Start of DATA SHOWN

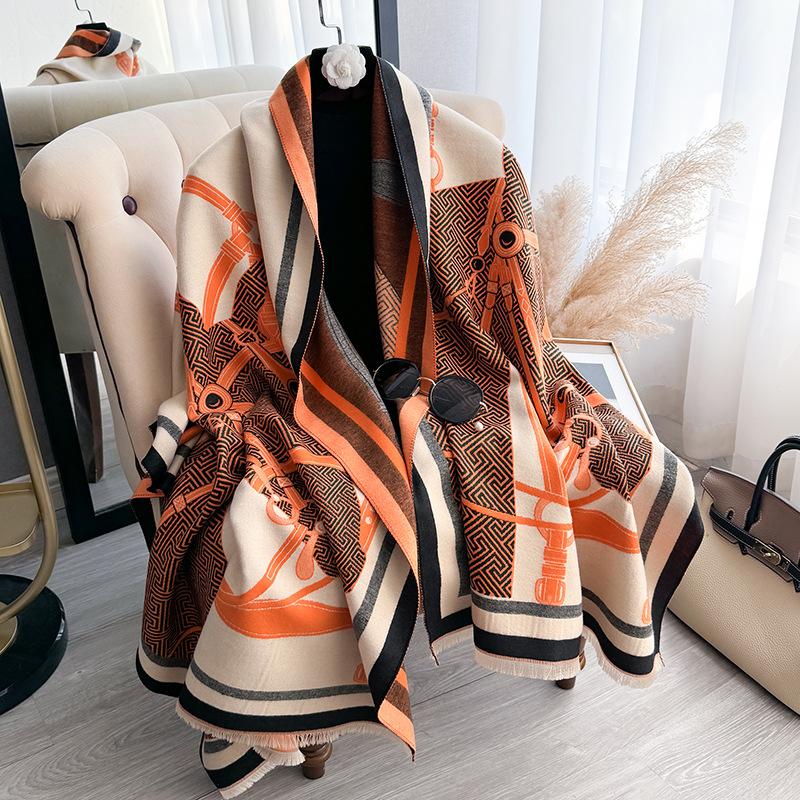 Horses Versatile Temperament Autumn And Winter Thickened Scarf Long Outer Shawl Fringed Jacquard Cape Women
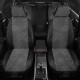 Чехлы на сидения тёмно-серая алькантара с перфорацией, на минивэн артикул VW28-1329-EC13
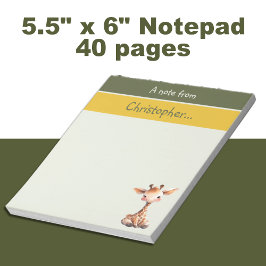 Bloc De Notas Cuidadosa jirafa nombre personalizado niños verdes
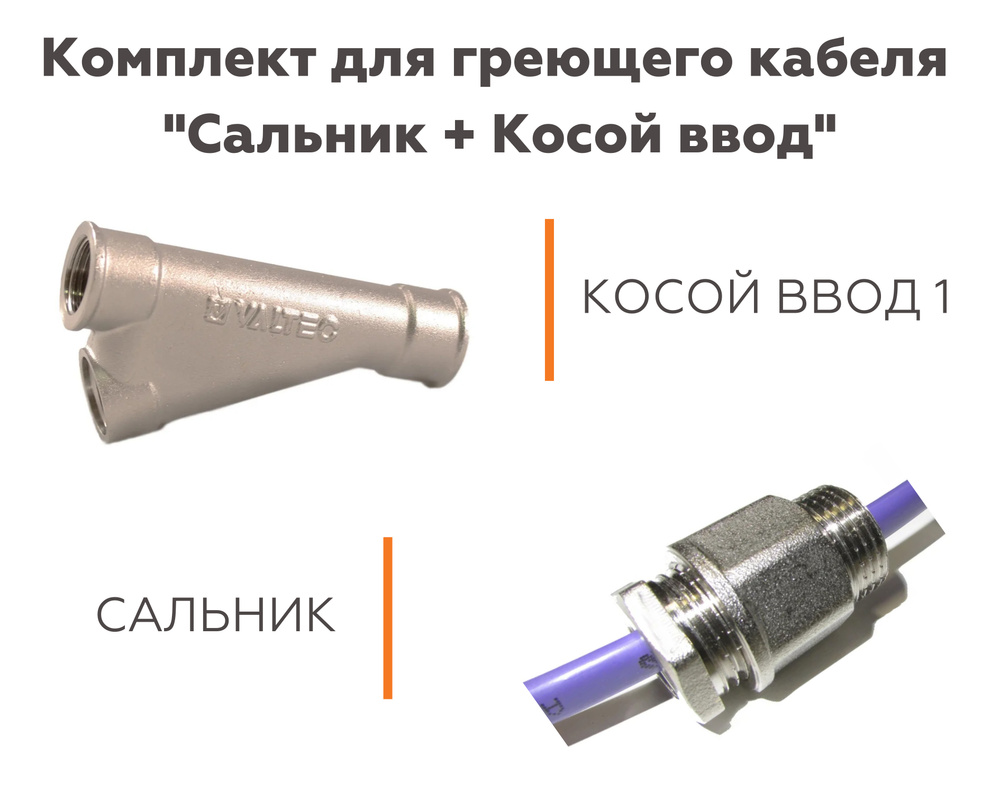 Комплект для ввода греющего кабеля в трубу Обогрев Люкс: Сальник + Косой ввод 1  #1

End of DATA SHOWN

--- TASK GOAL ---
Only the text of the listing should be returned, exactly and in full; no image goes into the copy.

--- ANSWER SECTION ---
 Horses Versatile Temperament Autumn And Winter Thickened Scarf Long Outer Shawl Fringed Jacquard Cape Women
 Чехлы на сидения тёмно-серая алькантара с перфорацией, на минивэн артикул VW28-1329-EC13
 Bloc De Notas Cuidadosa jirafa nombre personalizado niños verdes
 Комплект для ввода греющего кабеля в трубу Обогрев Люкс: Сальник + Косой ввод 1  #1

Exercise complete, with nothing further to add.